The following expression creates another Series, named lines, containing the number of railway lines going through the latter stations. This time, we create the Series from an ndarray:

lines = pd.Series(np.array([4, 5, 1]))
lines

  4
  5
  1
dtype: int64

A Series object is essentially a numpy array, combined with indices. Here is how we can access each of these components, separately:

lines.to_numpy()  ## Series values, as 'ndarray'

array([4, 5, 1])

lines.index       ## Series index

RangeIndex(start=0, stop=3, step=1)

As you can see, Series values comprise a numpy array, which we are already familiar with. Series indices, however, comprise a special type of object used for indexing in pandas:

type(name.index)

pandas.core.indexes.range.RangeIndex

By default, the index is just a sequence of consecutive integers (such as in names and lines). When necessary, we can define any other sequence of values as a Series index (see Modifying the index), then use it to access specific values (see Subsetting Series).

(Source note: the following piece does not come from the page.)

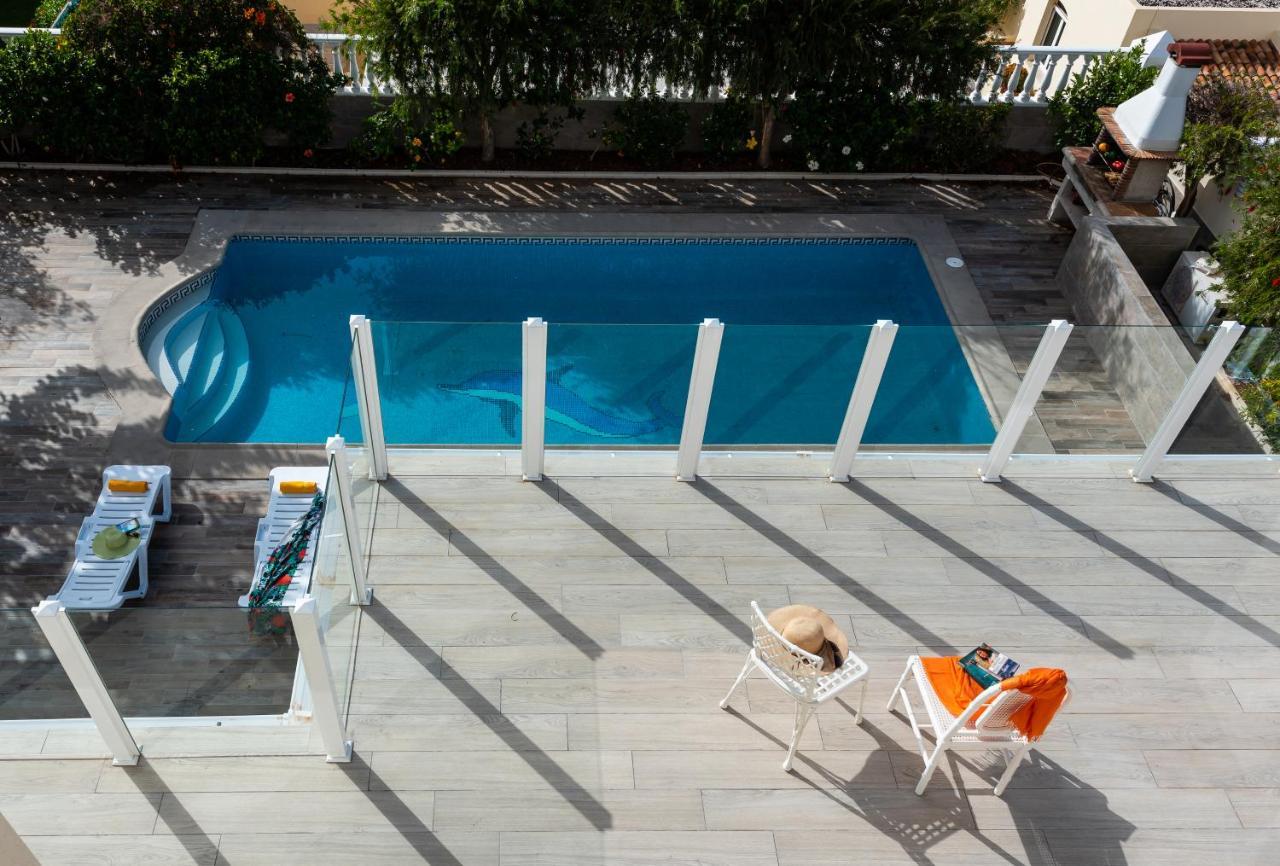 Amazing Villa Medina, Bbq 아데제 외부 사진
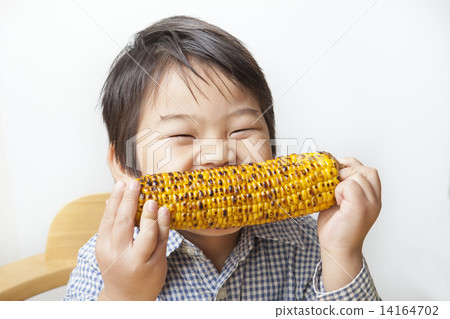一個孩子吃玉米 一個孩子吃玉米 14164702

Index objects are similar to arrays in many ways. For example, they have .shape and .dtype attributes, just like arrays do:

lines.index.shape

(3,)

lines.index.dtype

dtype('int64')

Creating a `DataFrame`#

While a Series can be thought of as an extended one-dimensional array, a DataFrame can be thought of as a collection of Series comprising table columns. Unlike a two-dimensional numpy array, a DataFrame can be composed of different types of values (among the columns). Consequently:

a DataFrame column (i.e., a Series) contains values of the same type, usually representing a particular variable
a DataFrame row may contain values of different types, usually representing a specific observation

Since a DataFrame is two-dimensional, it has two sets of idices, row and column indices, just like a two-dimensional array. It is important to note that all Series that comprise the columns of a DataFrame share the same index.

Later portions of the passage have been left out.